Ford is decreasing car manufacturing at six vegetation in North America as a consequence of chip shortages

Ford Motor is significantly reducing production at six plants in North America due to the ongoing global shortage of semiconductor chips, including facilities that make highly profitable pick-ups.

Measures vary by plant, but range from overtime cancellations to facilities closed for up to three weeks from April to June. Or a combination of both.

The affected plants are located in Illinois, Ohio, Kentucky, Michigan, Missouri, and Ontario, Canada. They manufacture a wide range of products – from F-150 pickups and vans to Ford Explorer SUVs and Ford Escape Crossovers.

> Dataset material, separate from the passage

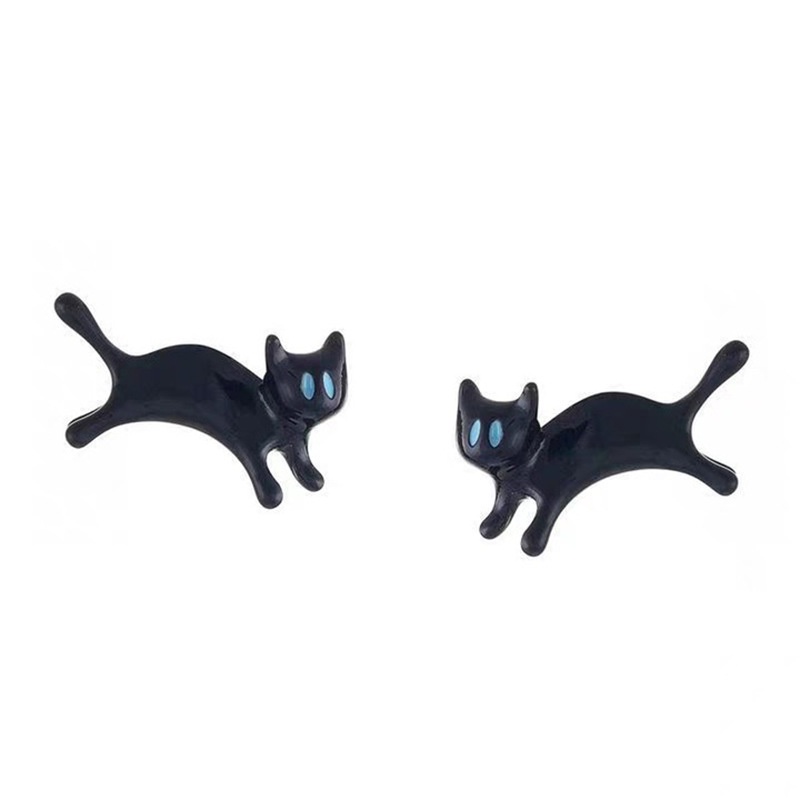 Anting Kucing Hitam Temperamen Kepribadian Tren Kreatif Aksesoris Telinga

Production of the F-150 in Dearborn, Michigan, will cease in the weeks of April 5th through April 12th, the company said. Ford is also canceling overtime at the factory in the weeks of April 26, May 10, May 31, and June 21. Another facility in Missouri that will manufacture the full-size F-150 will be shut down for a week starting Monday. Overtime at the plant will be suspended for eight weeks through most of June.

Semiconductors are key components that are used, among other things, in the infotainment, power steering and braking systems of new vehicles. With several plants closed due to Covid last year, suppliers turned semiconductors from automakers to other industries, creating a shortage after consumer demand fell more than expected.

Ford previously expected the shortage could cut its profits by $ 1 billion to $ 2.5 billion in 2021. Without releasing any new guidance, the company said it would “provide an update on the financial implications of semiconductor shortages” when it reports its first quarter earnings on April 28th.

This is a developing story. Check back soon for more updates.